It is equally important for employers to create a cultural environment that encourages people to stay. Location Labs, a mobile security firm, achieved a 95% retention rate after developing a culture of open and honest discussion, trust in one another, and outstanding loyalty. The company rewarded that loyalty by avoiding layoffs. Other firms, including Goodwin Living, Giant Food, and Great American Restaurants have found success in retaining employees by meeting their financial well-being needs, supporting staff with free gas, prepared meals, and discounts on groceries.
Create a stronger employer-employee connection
Financial well-being – and the stress that follows when issues are not addressed – must also be factored into the bottom line.
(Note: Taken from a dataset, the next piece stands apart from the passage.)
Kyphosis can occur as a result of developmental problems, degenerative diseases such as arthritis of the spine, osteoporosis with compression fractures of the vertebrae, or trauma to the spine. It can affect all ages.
At a 2021 cost of $2,412 per employee via lost productivity and absenteeism (versus $2,169 in 2020 and $1,918 in 2019), financial stress is an enormous expense. The overall cost, which includes lost productivity and absenteeism, can be quite significant to employers. John Hancock’s calculator estimates that financial stress will cost $241,200 for an organization with just 100 employees, and more than $2.4 million for a business with 1,000 employees.
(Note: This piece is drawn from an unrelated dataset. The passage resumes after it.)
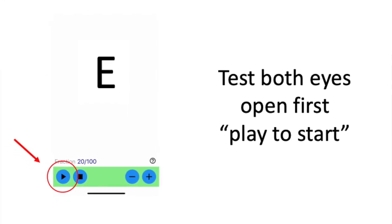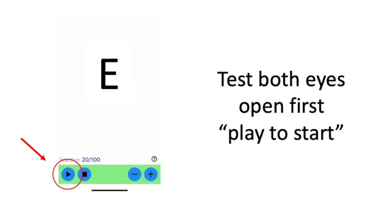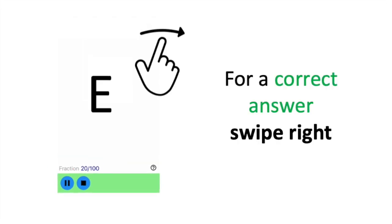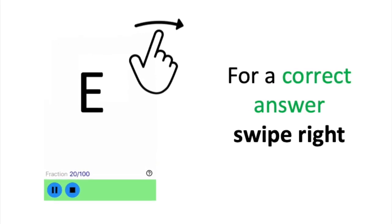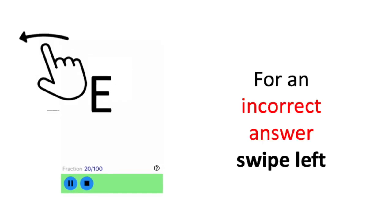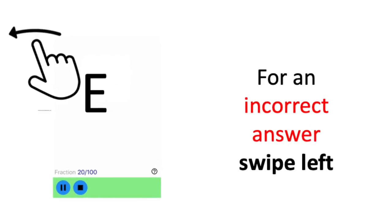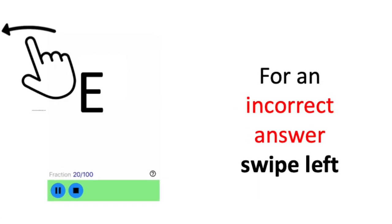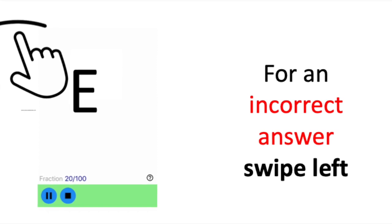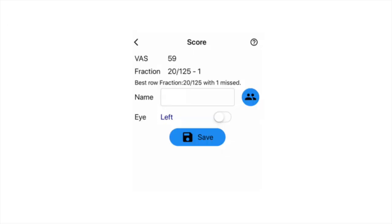Once you're ready to begin, press the play button on the bottom left of the screen. If your child gives you the correct answer, swipe the screen to the right. If the child gives you an incorrect answer, swipe the screen to the left. The visual acuity test is complete for both eyes open once the score screen pops up. Please make a note of the VAS and fraction number. Do not press the save button for both eyes open.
By deploying the right technology to financially educate their staff, enterprises can reduce these unnecessary expenses and improve their employees’ well-being. In fact, our research shows that when provided financial education benefits, employees are less worried about money and are therefore 20% more likely to experience hope and contentment with their finances. They are also 24% more likely to feel connected to their employer, which is imperative during The Great Resignation.
Sixty-one percent of respondents said that having diverse benefits, such as financial education support, helps to build commitment to their employer.
This was especially true for young, high-earning employees; 66% felt connected to their employer (compared to 43% of those who do not receive financial education benefits). Thirty-five percent of high earners who receive financial education benefits say they trust their employer – more than double the percent of high earners who trust their employer despite not receiving those benefits.
Trust is essential to the success of every enterprise; a PwC survey shows that employees who trust their employer experience a 50% increase in productivity, 74% less stress, and are 76% more engaged. That, in turn, can lead to other organizational improvements.
A Gallup poll shows that engaged employees realize 10% higher customer metrics, 20% higher sales, and 21% higher profitability. This suggests that by improving employees’ financial well-being, employers can create other benefits that support both staff and the business.
Become a driving force for financial well-being
In 2021, only 45% of Americans were anxious about their current financial situation – today, 77% are anxious. Given the current trajectory of inflation, including record-breaking gas prices, their anxiety is unlikely to abate anytime soon.
Employers have a unique opportunity to assist their staff through this difficult period by procuring and delivering financial tools that can help them achieve their goals. For example, employees are especially interested in receiving educational support to plan for key life movements, including the skills to grow a savings account (33%). This is important considering that the personal saving rate went from 33.8% in April 2020 (the highest on record) to 4.4% in April 2022 (the lowest since 2008). Employees also want to save for retirement (36%) and reduce debt (28%).
Organizations can live up to these expectations and become a driving force for financial well-being by using an impartial educational platform that demystifies money management and provides the skills to improve financial well-being. The result will be a stronger employer-employee connection, ultimately improving retention, productivity and employee happiness.